BrainTumorNext is a next generation sequencing panel that simultaneously analyzes 27 genes associated with increased risk for brain tumors and other cancers/tumors.
Ambry utilizes next generation sequencing (NGS) to offer a comprehensive panel for hereditary brain tumors. Genes on this panel include: AIP, ALK, APC, CDKN1B, CDKN2A, DICER1, MEN1, MLH1, MSH2, MSH6, NBN, NF1, NF2, PHOX2B, PMS2, POT1, PRKAR1A, PTCH1, PTEN, SMARCA4, SMARCB1, SMARCE1, SUFU, TP53, TSC1, TSC2, and VHL. Full gene sequencing and gross deletion/duplication analysis is performed for all 27 genes. Specific Site Analysis is available for individual gene mutations identified in a family.
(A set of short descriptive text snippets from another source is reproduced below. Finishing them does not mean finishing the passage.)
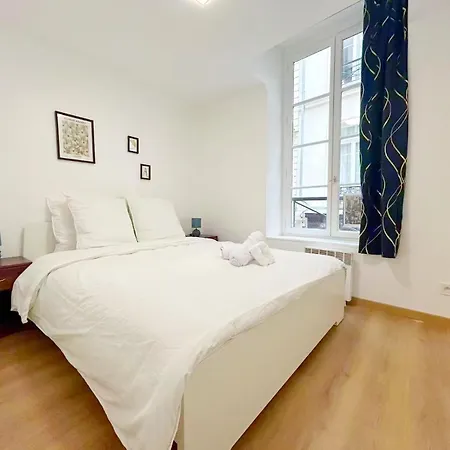 Appartamento Le Marais Parigi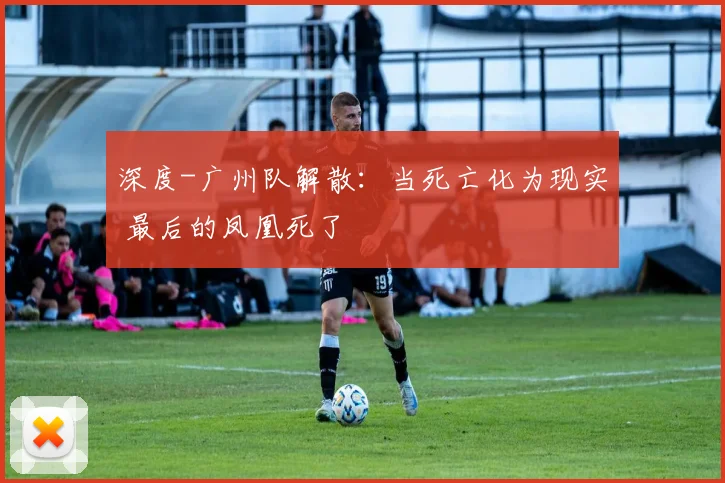 深度-广州队解散：当死亡化为现实 最后的凤凰死了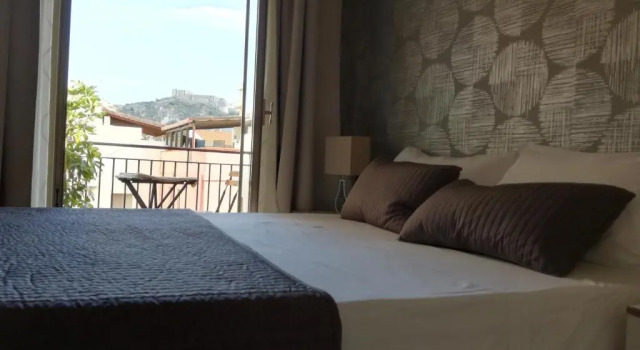 Deluxe værelse Blu Mare - Milazzo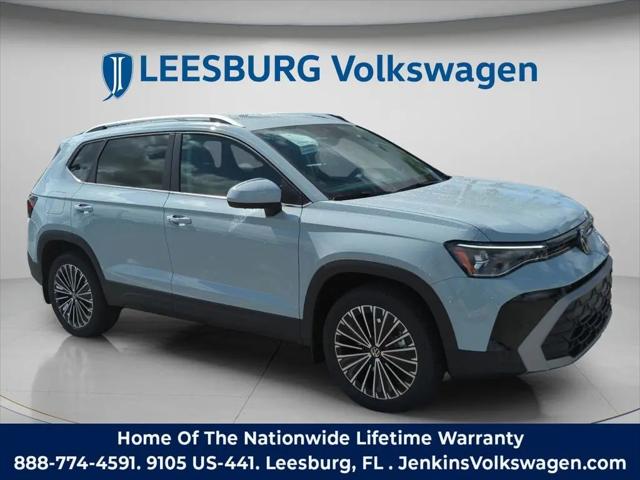 2026 Volkswagen Taos SE for sale in Leesburg, FL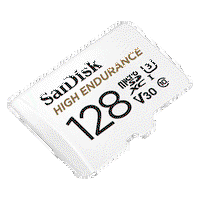 Card MicroSD 128GB, seria HIGH Endurance - SanDisk SDSQQNR-128G-GN6IA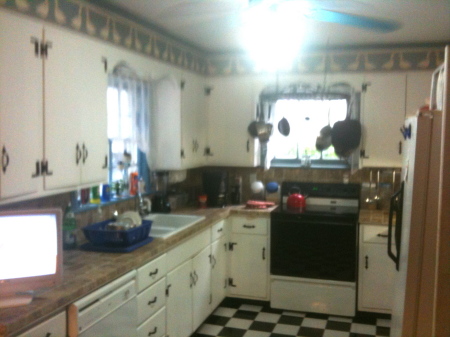 Home - Kitchen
Brain tumors are the 16th most common cancer diagnosed in men and women. Fewer than 1% of men and women in the U.S. will be diagnosed with a brain tumor/cancer at some point during their lives.1 The National Cancer Institute (NCI) estimates that approximately 23,700 new cases of brain and other nervous system tumors/cancer will be diagnosed in the U.S. in 2016.2 The median age at diagnosis is age 58, although 43.6% are diagnosed under age 54.2 The majority of brain tumors are sporadic, with some being hereditary and developing due to an inherited genetic mutation. Hereditary brain tumors may be diagnosed at younger ages (especially in childhood).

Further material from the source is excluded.